I realise now that Neil Freeman’s graphic was my subconscious inspiration for my graphic, I had seen that a while back and thought it was pretty good.
Good to know the difference between stations and points. By the way, I was thinking of making an automated version of this graphic by just using PHP to do the math (I’m not good at JavaScript) and CSS. (This is the graphic you originally commented on that was originally created using radius instead of area.)
With the automated version it will be faster to add cities.
http://www.flickr.com/photos/jamesbondsv/6261064381/
That would be a nice idea. I’ve been using JPGraph for an (internal) webpage that automatically graphs my bike share data, I’m quite impressed with it. It does various kinds of graphs and charts so may well be able to produce an automated version of your infographic. It’s specified with PHP.
This is great!
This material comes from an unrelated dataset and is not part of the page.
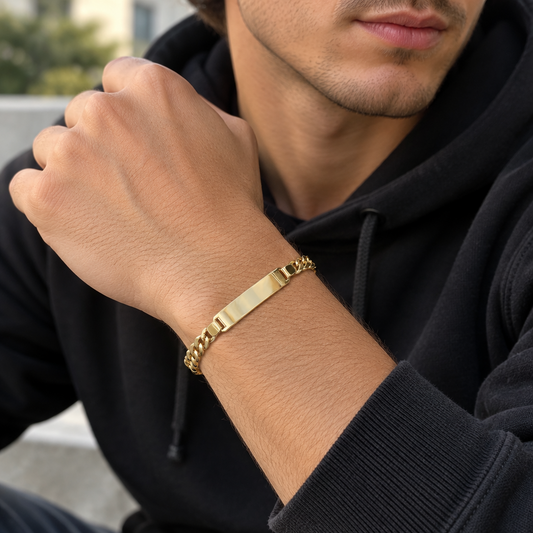 Pulsera hueca en 100% Oro de 18 Kl. con placa.  Eslabón barbado. Terminación en brillo.  c/u.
I look forward to seeing an edition with New York in a few months.
My subway map shows cities in their local UTM projection. I use ArcGIS to accomplish this, I’m not sure if there’s a good PHP library to do the transformation.
It looks gorgeous. Have you seen Neil Freeman’s “subways at scale” maps/graphics?
http://fakeisthenewreal.org/subway/
How come Chicago has 99 stations in this graphic? Your real-time bike sharing map says Chicago only has 4 stations.
No way Chicago has that many stations, should be more like 6. The real bike share system won’t roll out until this summer.
Aidan – d’oh, thanks!
Montreal’s “lake” is Mount Royal, not a body of water. There is a large river (St. Lawrence) that forms a barrier though.